Records shown
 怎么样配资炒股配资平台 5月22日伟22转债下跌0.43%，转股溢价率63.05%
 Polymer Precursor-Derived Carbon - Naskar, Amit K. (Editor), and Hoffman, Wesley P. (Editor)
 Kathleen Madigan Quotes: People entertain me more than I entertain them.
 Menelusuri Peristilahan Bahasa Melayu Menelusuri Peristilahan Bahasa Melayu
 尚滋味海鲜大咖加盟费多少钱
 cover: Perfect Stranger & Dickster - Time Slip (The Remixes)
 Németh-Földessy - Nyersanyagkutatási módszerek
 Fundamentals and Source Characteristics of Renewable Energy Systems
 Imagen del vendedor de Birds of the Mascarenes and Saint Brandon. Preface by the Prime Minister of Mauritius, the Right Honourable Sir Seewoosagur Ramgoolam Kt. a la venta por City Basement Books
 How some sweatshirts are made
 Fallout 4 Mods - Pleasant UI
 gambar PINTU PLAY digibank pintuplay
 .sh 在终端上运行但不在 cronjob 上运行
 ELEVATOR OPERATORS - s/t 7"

Task goal
Take the line containing "尚滋味海鲜大咖加盟费多少钱" and each line after it up to the last line of the listing, and print them exactly.

Your response
 尚滋味海鲜大咖加盟费多少钱
 cover: Perfect Stranger & Dickster - Time Slip (The Remixes)
 Németh-Földessy - Nyersanyagkutatási módszerek
 Fundamentals and Source Characteristics of Renewable Energy Systems
 Imagen del vendedor de Birds of the Mascarenes and Saint Brandon. Preface by the Prime Minister of Mauritius, the Right Honourable Sir Seewoosagur Ramgoolam Kt. a la venta por City Basement Books
 How some sweatshirts are made
 Fallout 4 Mods - Pleasant UI
 gambar PINTU PLAY digibank pintuplay
 .sh 在终端上运行但不在 cronjob 上运行
 ELEVATOR OPERATORS - s/t 7"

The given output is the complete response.